Output all entries precisely.
Records for processing START
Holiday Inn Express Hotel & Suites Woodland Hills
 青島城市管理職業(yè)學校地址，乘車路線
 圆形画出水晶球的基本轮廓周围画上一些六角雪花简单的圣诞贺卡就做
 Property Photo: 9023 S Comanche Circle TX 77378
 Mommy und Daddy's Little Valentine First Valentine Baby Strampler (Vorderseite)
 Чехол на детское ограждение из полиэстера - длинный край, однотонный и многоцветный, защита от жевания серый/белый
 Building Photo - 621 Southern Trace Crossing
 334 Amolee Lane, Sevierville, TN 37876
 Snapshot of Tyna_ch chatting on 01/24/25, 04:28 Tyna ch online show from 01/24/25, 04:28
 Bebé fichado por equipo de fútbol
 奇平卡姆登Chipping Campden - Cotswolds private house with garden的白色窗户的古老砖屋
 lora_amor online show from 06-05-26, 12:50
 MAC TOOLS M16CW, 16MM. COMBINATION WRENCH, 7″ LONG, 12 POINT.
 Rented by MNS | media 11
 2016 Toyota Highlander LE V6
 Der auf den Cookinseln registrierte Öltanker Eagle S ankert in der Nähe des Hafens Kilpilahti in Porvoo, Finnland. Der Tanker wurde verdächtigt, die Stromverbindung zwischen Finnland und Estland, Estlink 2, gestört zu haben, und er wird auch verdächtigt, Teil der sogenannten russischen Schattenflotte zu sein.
Records for processing END
● **Answer**:
Holiday Inn Express Hotel & Suites Woodland Hills
 青島城市管理職業(yè)學校地址，乘車路線
 圆形画出水晶球的基本轮廓周围画上一些六角雪花简单的圣诞贺卡就做
 Property Photo: 9023 S Comanche Circle TX 77378
 Mommy und Daddy's Little Valentine First Valentine Baby Strampler (Vorderseite)
 Чехол на детское ограждение из полиэстера - длинный край, однотонный и многоцветный, защита от жевания серый/белый
 Building Photo - 621 Southern Trace Crossing
 334 Amolee Lane, Sevierville, TN 37876
 Snapshot of Tyna_ch chatting on 01/24/25, 04:28 Tyna ch online show from 01/24/25, 04:28
 Bebé fichado por equipo de fútbol
 奇平卡姆登Chipping Campden - Cotswolds private house with garden的白色窗户的古老砖屋
 lora_amor online show from 06-05-26, 12:50
 MAC TOOLS M16CW, 16MM. COMBINATION WRENCH, 7″ LONG, 12 POINT.
 Rented by MNS | media 11
 2016 Toyota Highlander LE V6
 Der auf den Cookinseln registrierte Öltanker Eagle S ankert in der Nähe des Hafens Kilpilahti in Porvoo, Finnland. Der Tanker wurde verdächtigt, die Stromverbindung zwischen Finnland und Estland, Estlink 2, gestört zu haben, und er wird auch verdächtigt, Teil der sogenannten russischen Schattenflotte zu sein.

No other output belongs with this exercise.